Q_cac <- 1.06496183198 * exp(0.06720570 * x_smooth)
Q_lsc <- 0.99431679311589 * exp(0.0696045924855083 * x_smooth)

plot(x, Q, xlab = "Year (since 1900)", ylab = "Energy Consumption (Normalized)", 
     main = "Energy Consumption and Model Estimates", pch = 19, ylim = c(min(Q), max(Q_lsc)))

lines(x_smooth, Q_cac, col = "red", lwd = 2)
lines(x_smooth, Q_lsc, col = "blue", lwd = 2)

legend("topleft", legend = c("Original Data", "CAC Curve", "LSC Curve"), 
       col = c("black", "red", "blue"), lwd = 2, pch = c(19, NA, NA), lty = c(NA, 1, 1), cex = 0.75)

These are the results I expected.

  1. Plot the residuals (be careful!) for the LSC and CAC fits side-by-side (‘par’ command provided below). Use the same vertical axis range in both plots. Are the results what you expect to see (consider the criteria that are satisfied in each case)? Explain.
x <- seq(0, 100, by=10)
Q <- c(1.31, 1.94, 3.32, 6.59, 15.68, 34.78, 64.94, 132.17, 274.07, 512.16, 1086.37)

Q_pred_cac <- 1.06496183198 * exp(0.06720570 * x)
Q_pred_lsc <- 0.99431679311589 * exp(0.0696045924855083 * x)

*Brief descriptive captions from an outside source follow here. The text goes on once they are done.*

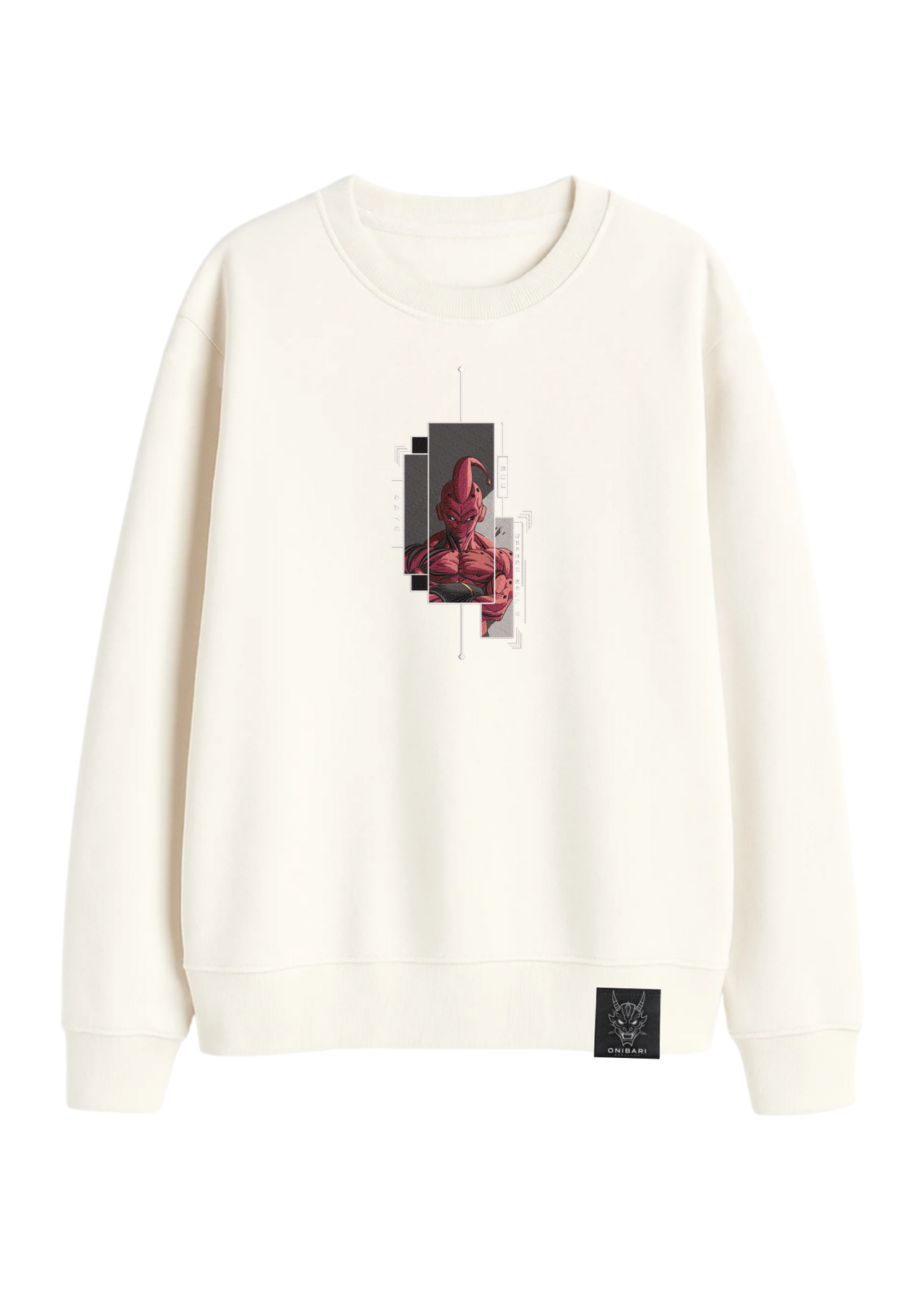 Crewneck Majin Buu Recuadros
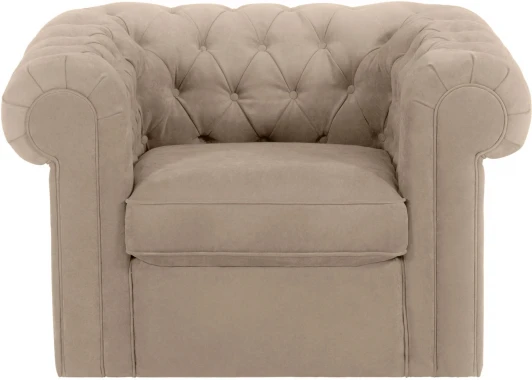 339851 Кресло Chesterfield ОГОГО (арт.339851), (Ткань/Бежевый)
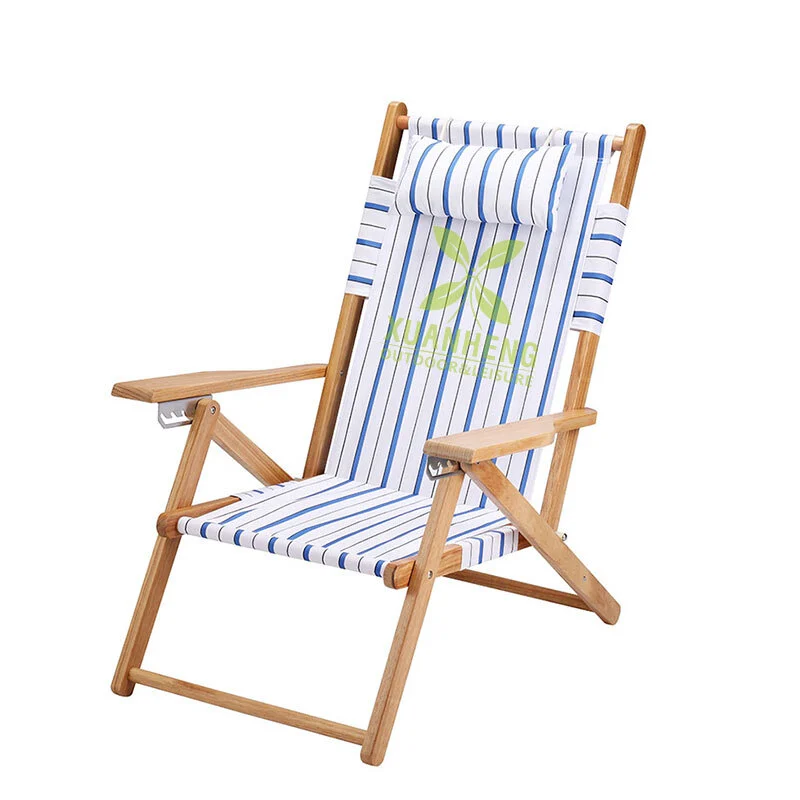 Perfekter Strandbegleiter, Holz-Seaside-Tommy-Stuhl XH-T007 1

residuals_cac <- Q - Q_pred_cac
residuals_lsc <- Q - Q_pred_lsc

common_ylim <- range(c(residuals_lsc, residuals_cac))

par(mfrow=c(1,2))

plot(x, residuals_cac, ylim = common_ylim, main = "CAC Residuals", xlab = "Year (since 1900)", ylab = "Residuals", pch = 19)
abline(h = 0, col = "red")

plot(x, residuals_lsc, ylim = common_ylim, main = "LSC Residuals", xlab = "Year (since 1900)", ylab = "Residuals", pch = 19)
abline(h = 0, col = "red")

The results are what I expect to see. As explained previously, since LSC minimizes the sum of squared residuals, we expect the residuals to be symmetrically distributed around zero, with no pattern indicating a systematic deviation. CAC minimizes the maximum absolute deviation. Thus, the largest absolute residual is minimized, but this does not necessarily minimize all residuals equally. We might observe one or more residuals significantly larger than the rest but minimized to the extent possible within the criterion’s objective.